Image-text web data:
....

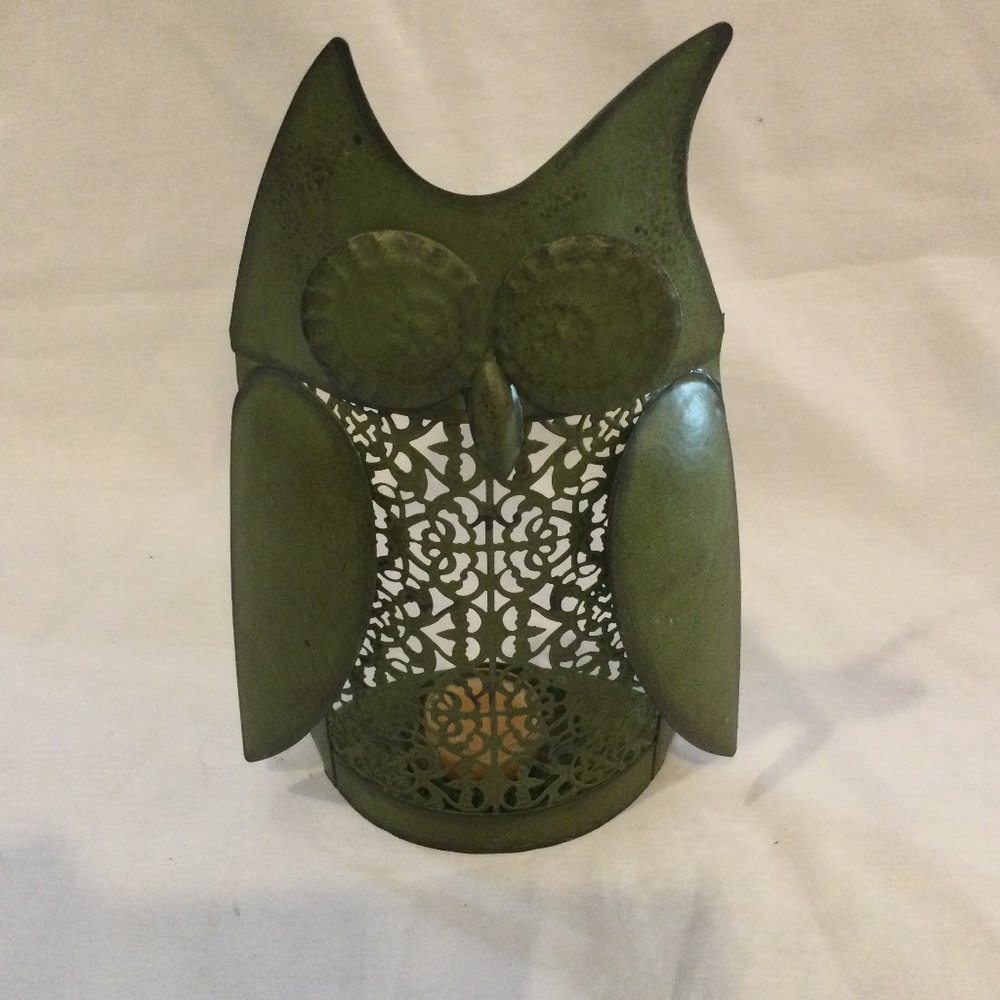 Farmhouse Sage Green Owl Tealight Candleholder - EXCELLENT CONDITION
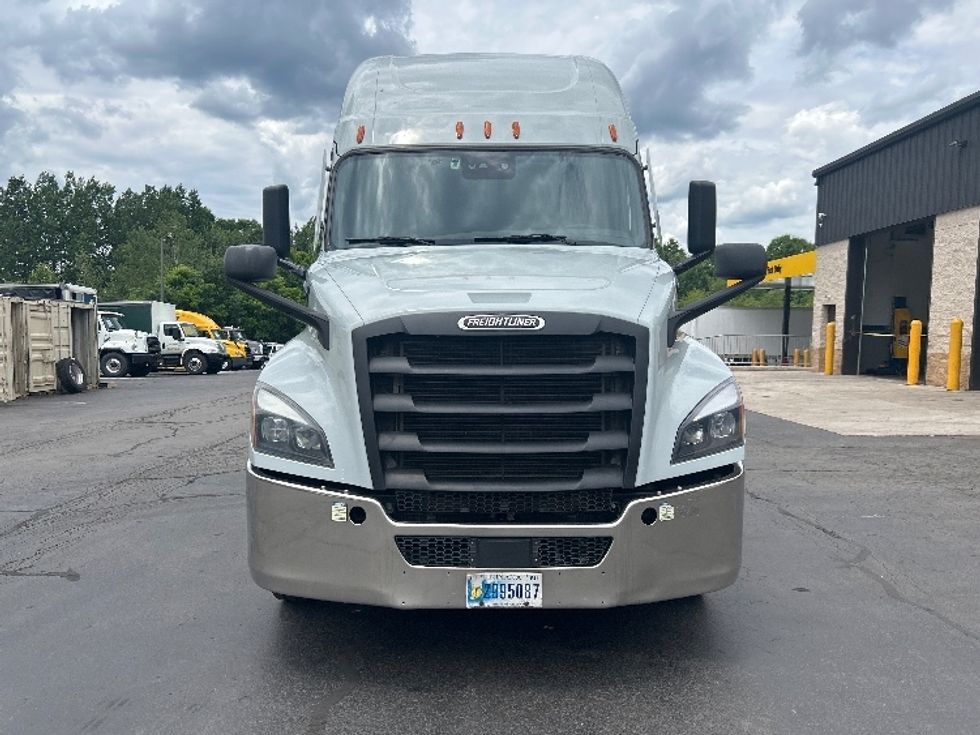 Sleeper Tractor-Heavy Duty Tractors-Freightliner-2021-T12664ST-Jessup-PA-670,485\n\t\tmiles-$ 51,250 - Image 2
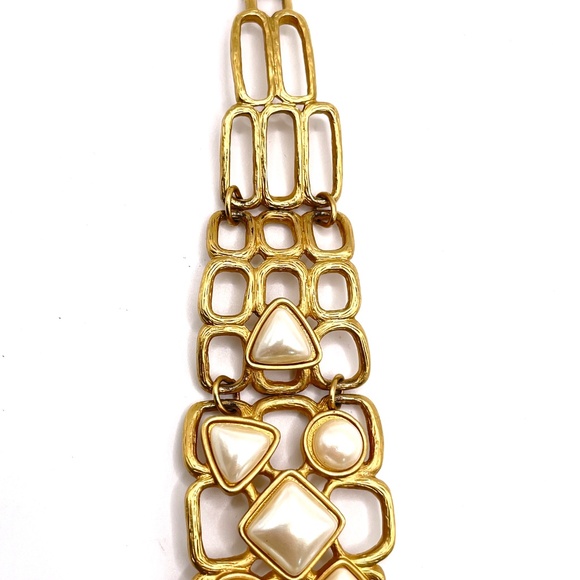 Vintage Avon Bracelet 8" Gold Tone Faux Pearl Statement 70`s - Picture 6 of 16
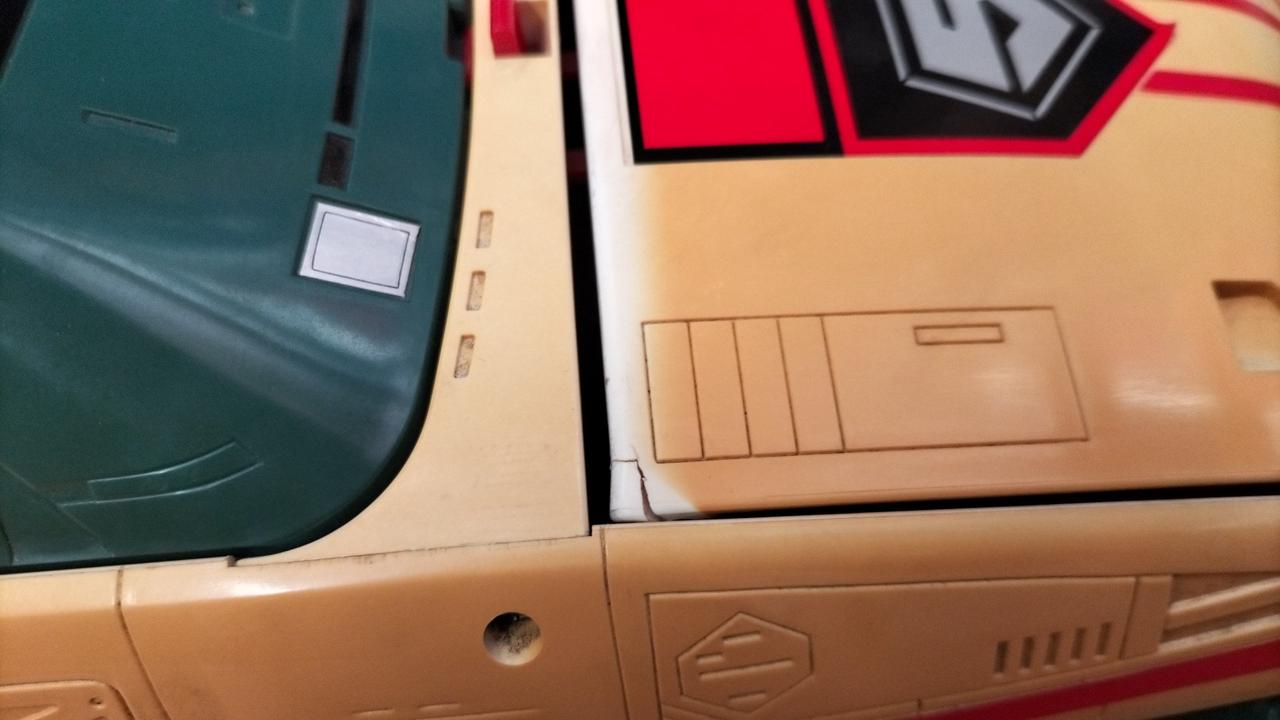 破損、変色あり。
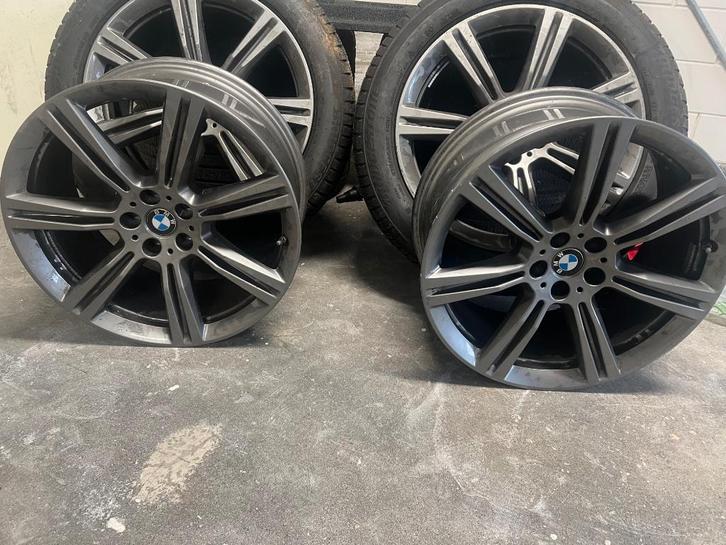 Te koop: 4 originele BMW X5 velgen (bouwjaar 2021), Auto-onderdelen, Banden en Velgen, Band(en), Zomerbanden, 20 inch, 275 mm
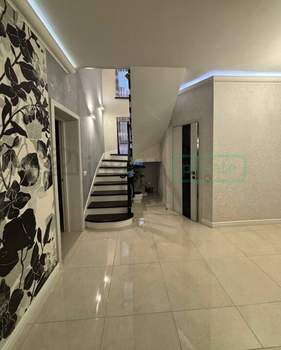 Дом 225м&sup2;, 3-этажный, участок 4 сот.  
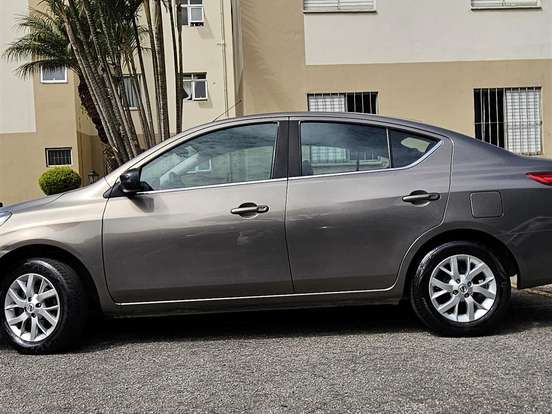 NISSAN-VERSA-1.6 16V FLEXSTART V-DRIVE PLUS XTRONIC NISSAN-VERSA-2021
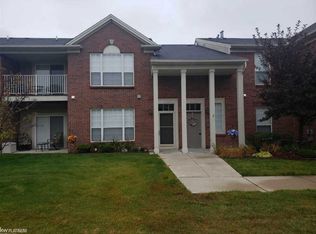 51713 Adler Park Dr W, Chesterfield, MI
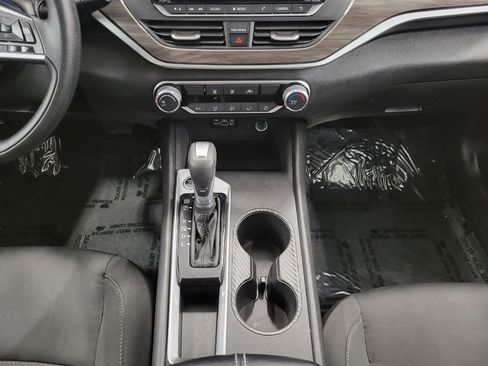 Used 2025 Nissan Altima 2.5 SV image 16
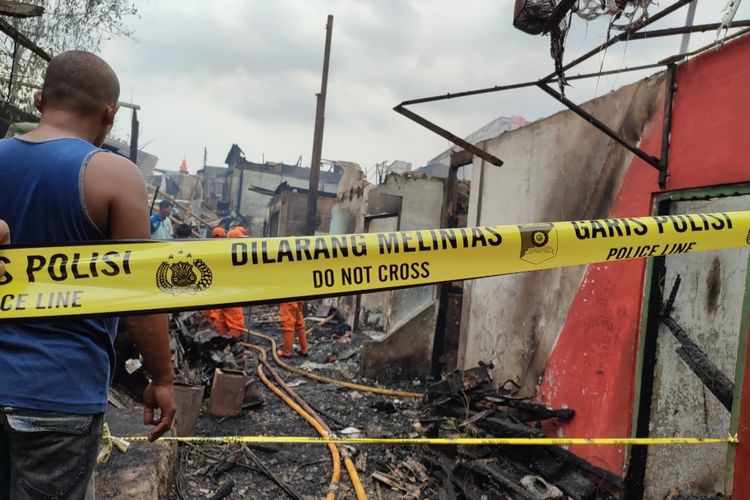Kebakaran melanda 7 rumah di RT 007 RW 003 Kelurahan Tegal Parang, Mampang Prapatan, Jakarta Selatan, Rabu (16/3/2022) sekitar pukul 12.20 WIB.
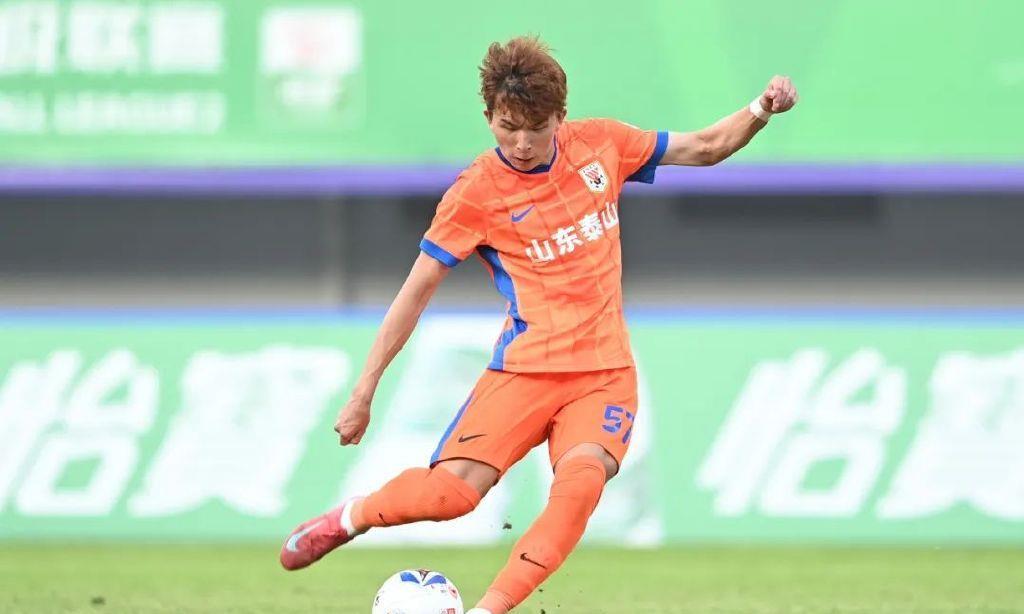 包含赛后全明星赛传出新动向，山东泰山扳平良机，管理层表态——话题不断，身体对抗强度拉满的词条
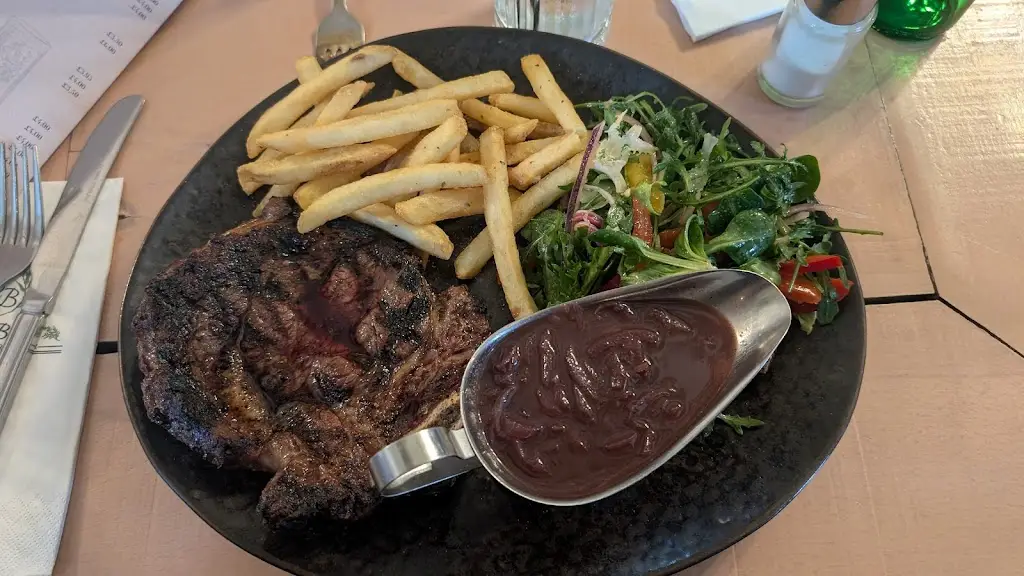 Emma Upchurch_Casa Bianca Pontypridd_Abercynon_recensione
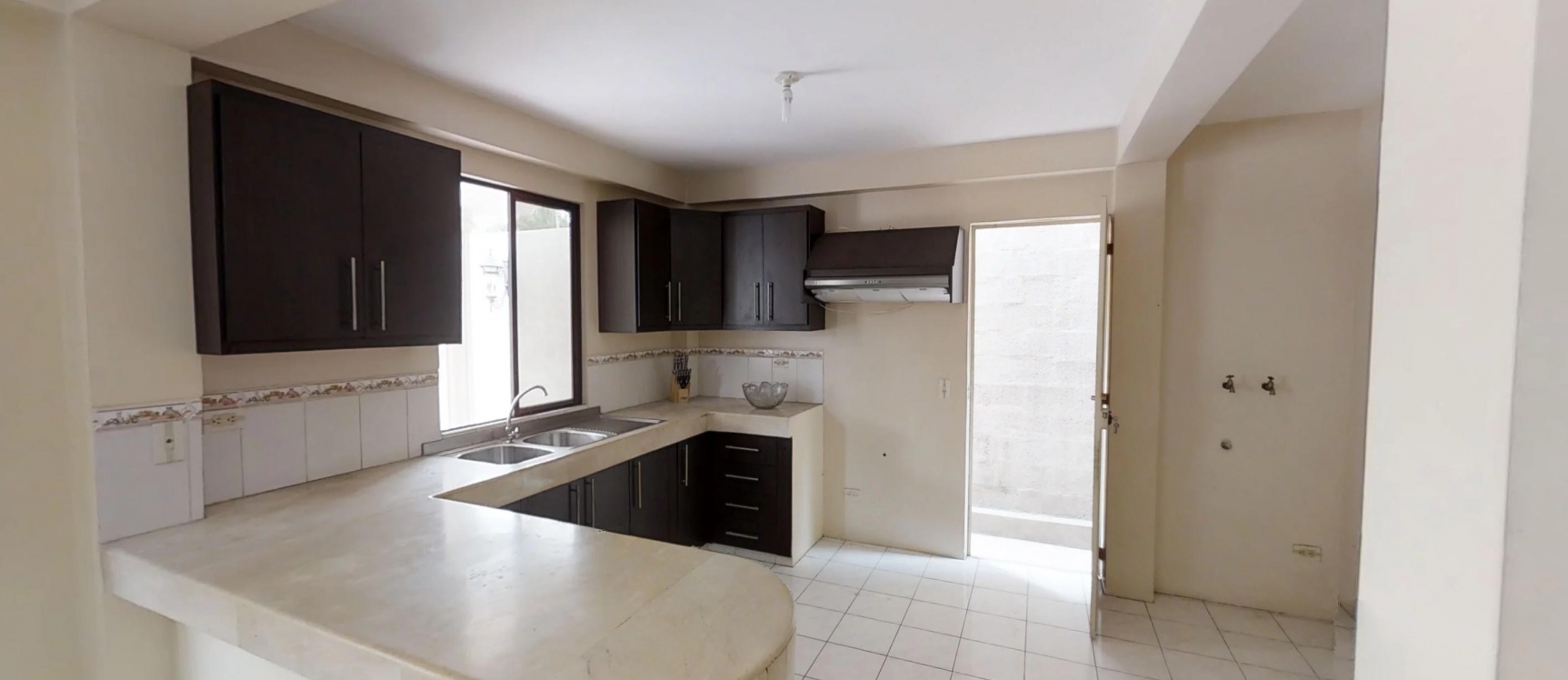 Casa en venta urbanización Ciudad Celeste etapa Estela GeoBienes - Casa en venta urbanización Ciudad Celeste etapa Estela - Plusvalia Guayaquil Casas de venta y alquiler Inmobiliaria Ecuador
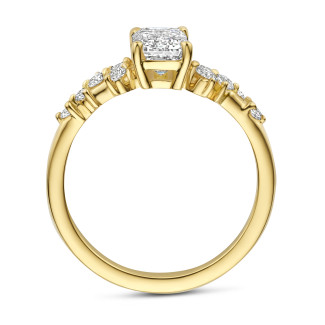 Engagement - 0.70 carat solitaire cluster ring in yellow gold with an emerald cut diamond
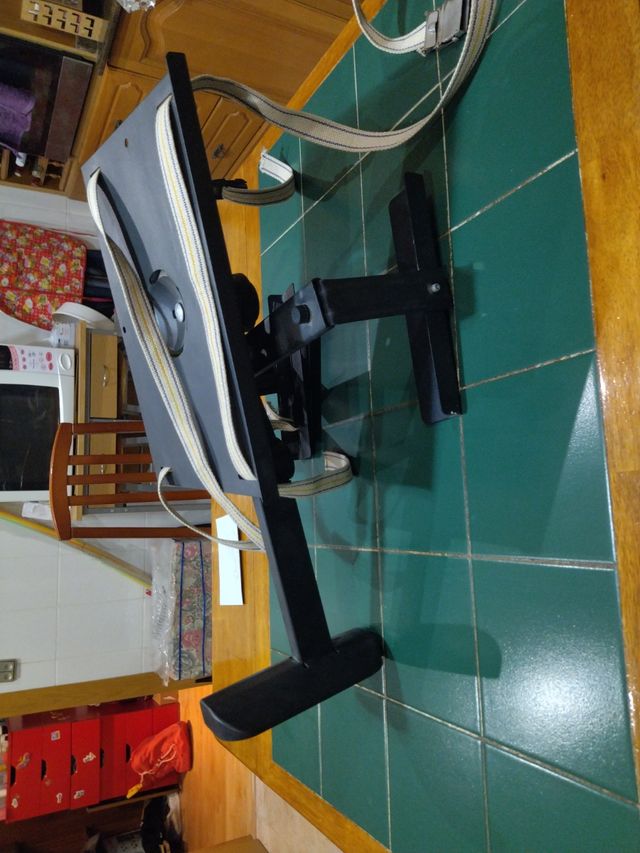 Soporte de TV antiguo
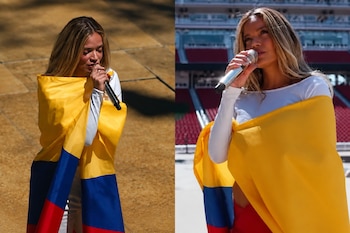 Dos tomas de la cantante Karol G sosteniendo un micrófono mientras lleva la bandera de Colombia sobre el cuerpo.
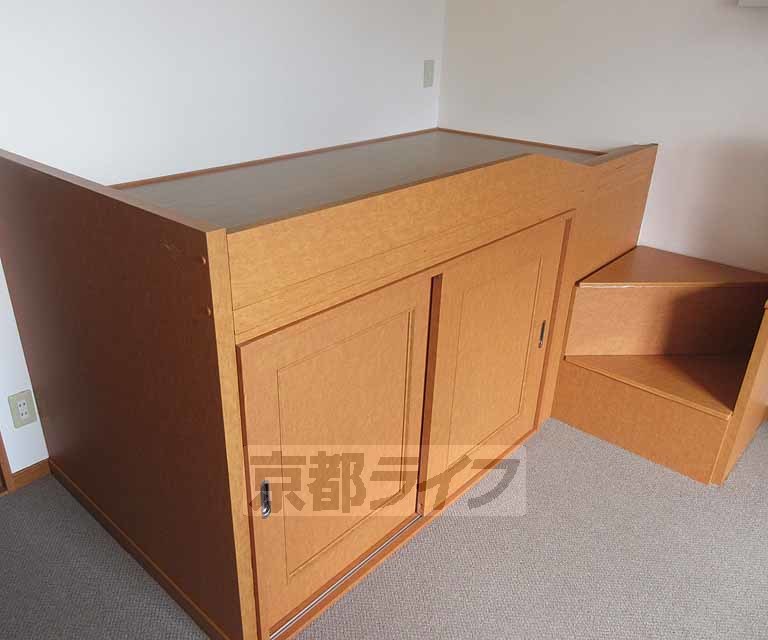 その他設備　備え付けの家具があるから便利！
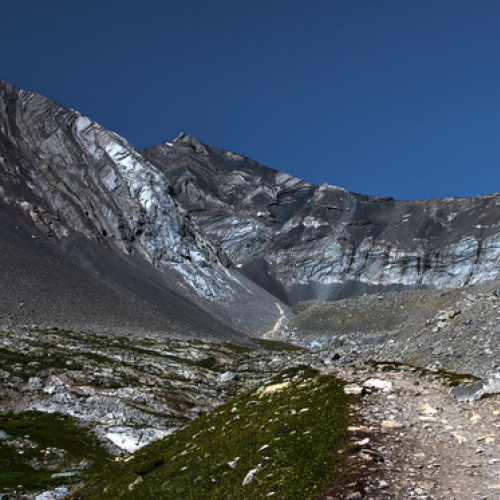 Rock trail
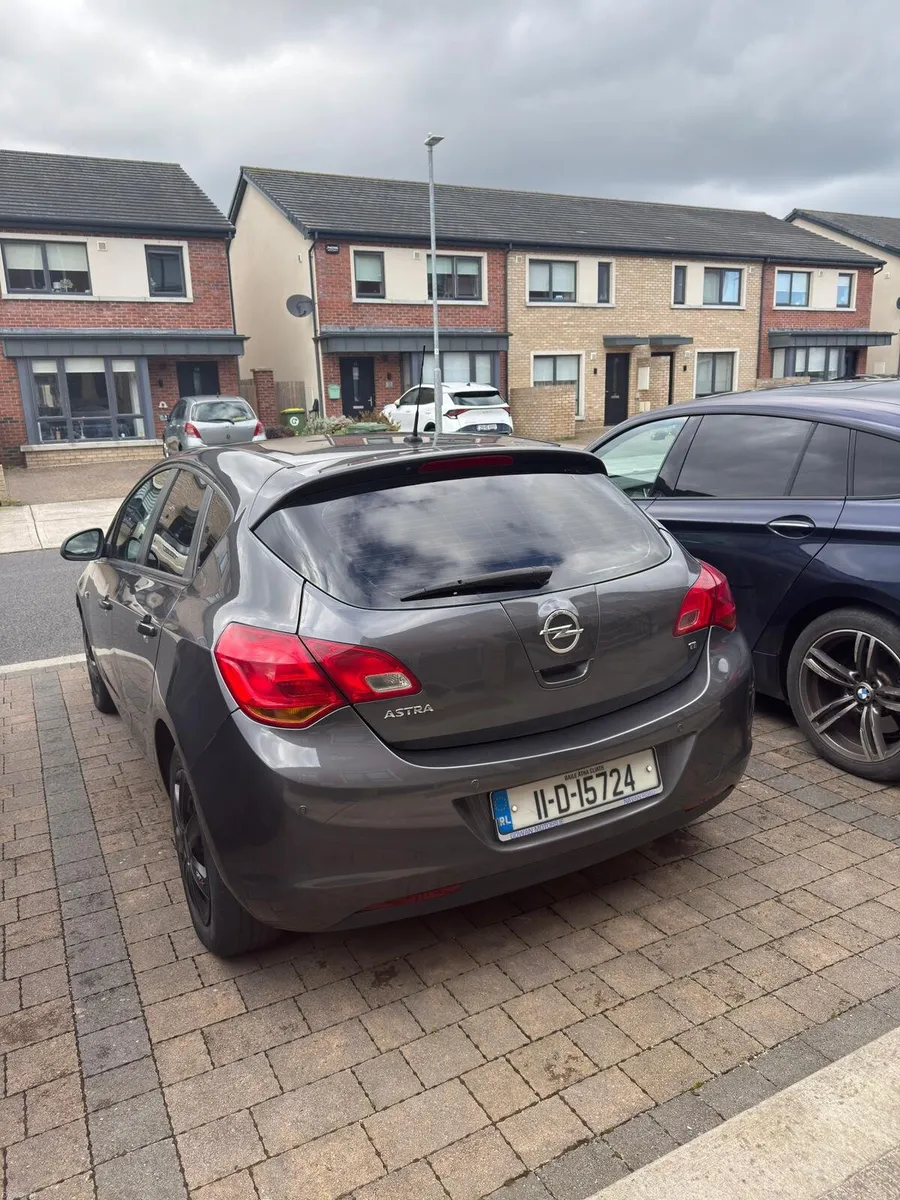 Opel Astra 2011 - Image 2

....

Exercise details
Give the lines above again exactly, from the one containing "Te koop: 4 originele" to the one containing "Used 2025 Nissan Altima 2.5 SV image 16", both included, but leave out the pictures.

Solution to the problem
 Te koop: 4 originele BMW X5 velgen (bouwjaar 2021), Auto-onderdelen, Banden en Velgen, Band(en), Zomerbanden, 20 inch, 275 mm
 Дом 225м&sup2;, 3-этажный, участок 4 сот.  
 NISSAN-VERSA-1.6 16V FLEXSTART V-DRIVE PLUS XTRONIC NISSAN-VERSA-2021
 51713 Adler Park Dr W, Chesterfield, MI
 Used 2025 Nissan Altima 2.5 SV image 16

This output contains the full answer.